I think the title and the discussion fail to make explicit the enormity of the issue that, in pandas, a column can contain dates formatted in different ways, so that one row is dd-mm-yyyy and another row is mm-dd-yyyy . This might sort of maybe be inferred reading here, but in no way is it explicit. An example with minimal code to reproduce this is in my other post referenced just above: https://github.com/pandas-dev/pandas/issues/25847 Try telling this to anyone with a SQL background and watch them drop dead! :)
IMHO this needs to be added to the docs as a matter of urgency (I am, in fact, drafting something I hope the community will accept).
A few more points:
-
this happens with read_csv(), as per the example linked above. So I guess that read_csv uses to_datetime ? I haven't found it mentioned clearly in the docs.
-
@jreback , what is array_to_datetime which you mention? Is it a function? Of which library? I couldn't find it. If i search the pandas docs for it, nothing comes up: https://pandas.pydata.org/pandas-docs/stable/search.html?q=array_to_datetime&check_keywords=yes&area=default After some googling, it seems it was part of pandas.tslib which has now been deprecated - is that correct? Did it solve the problem, as @jreback said, or not, as @minggli reported?
-
Is there any way to force a column in a pandas dataframe to contain items of the same type? Ie to get pandas to behave like SQL, so that you can specify a date format for a column, and be sure the whole column will follow that format?
-
The docs https://pandas.pydata.org/pandas-docs/stable/reference/api/pandas.to_datetime.html?highlight=to_datetime#pandas.to_datetime say that to_datetime returns one of these 3:
-
list-like: DatetimeIndex
-
Series: Series of datetime64 dtype
-
scalar: Timestamp
However, in the code linked above, it returns a Series of dtype object, NOT of dtype datetime64 as stated in the docs
@garfieldthecat pls have a read thru the very extensive documentation this having mixed dayfirst datetimes is only a problem at parse time; you can specify multiple options to properly parse including dayfirst and format strings
pandas of course has single dtypes for efficiency ; though allows object for mixed tyoes
this having mixed dayfirst datetimes is only a problem at parse time; you can specify multiple options to properly parse including dayfirst and format strings
Only? Really? I am simply speechless. It seems clear you totally fail to grasp how huge an issue this is. Look, I have no interest in convincing you of anything - my point is simply that this can be a huge issue for many users (even if it doesn't affect you and your workflow), that this is not clear at all from the docs, and that it must be made so.

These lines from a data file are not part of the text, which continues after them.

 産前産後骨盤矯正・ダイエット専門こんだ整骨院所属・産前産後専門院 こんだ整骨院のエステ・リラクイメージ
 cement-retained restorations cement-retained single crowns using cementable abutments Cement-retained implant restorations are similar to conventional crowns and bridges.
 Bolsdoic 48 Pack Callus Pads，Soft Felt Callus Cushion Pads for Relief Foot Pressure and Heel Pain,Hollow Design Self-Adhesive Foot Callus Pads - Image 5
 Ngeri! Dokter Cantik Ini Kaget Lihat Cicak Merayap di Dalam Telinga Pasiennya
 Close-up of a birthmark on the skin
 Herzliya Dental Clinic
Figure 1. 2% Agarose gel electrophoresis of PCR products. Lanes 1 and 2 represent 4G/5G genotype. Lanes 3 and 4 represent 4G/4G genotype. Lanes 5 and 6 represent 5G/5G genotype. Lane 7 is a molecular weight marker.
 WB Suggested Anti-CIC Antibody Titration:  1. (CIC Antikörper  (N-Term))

For example, anyone who has been importing csv with dates, and who didn't explicitly state the format because they thought there could be no ambiguity (if their days go all the way to the 31st) and who didn't realise that a column can contain dates in different formats, may have imported dates incorrectly and therefore any function, analysis etc based on those dates may be wrong. This is not big, it's HUGE.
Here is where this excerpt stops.